Task requirements: From the material below, please set down exactly the lines starting with the one with "Daho Special Order" and going on through the one with "P1014 Green and", without a single picture.

Records supplied:
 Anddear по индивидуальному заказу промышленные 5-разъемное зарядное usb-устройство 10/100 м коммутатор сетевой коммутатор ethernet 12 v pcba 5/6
* * *
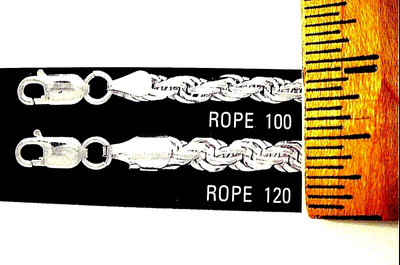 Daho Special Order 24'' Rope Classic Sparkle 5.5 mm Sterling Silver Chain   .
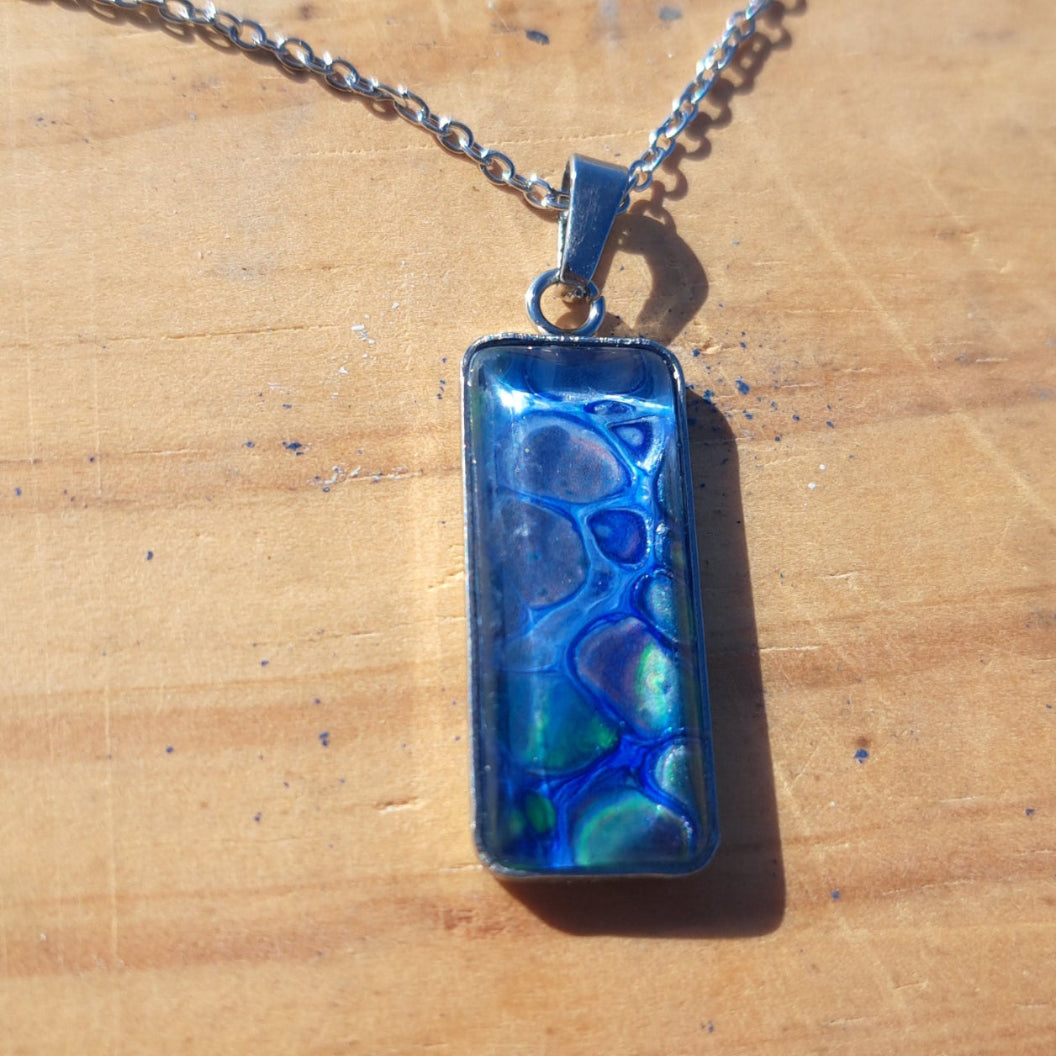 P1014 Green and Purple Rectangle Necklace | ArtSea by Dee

Result:
 Daho Special Order 24'' Rope Classic Sparkle 5.5 mm Sterling Silver Chain   .
 P1014 Green and Purple Rectangle Necklace | ArtSea by Dee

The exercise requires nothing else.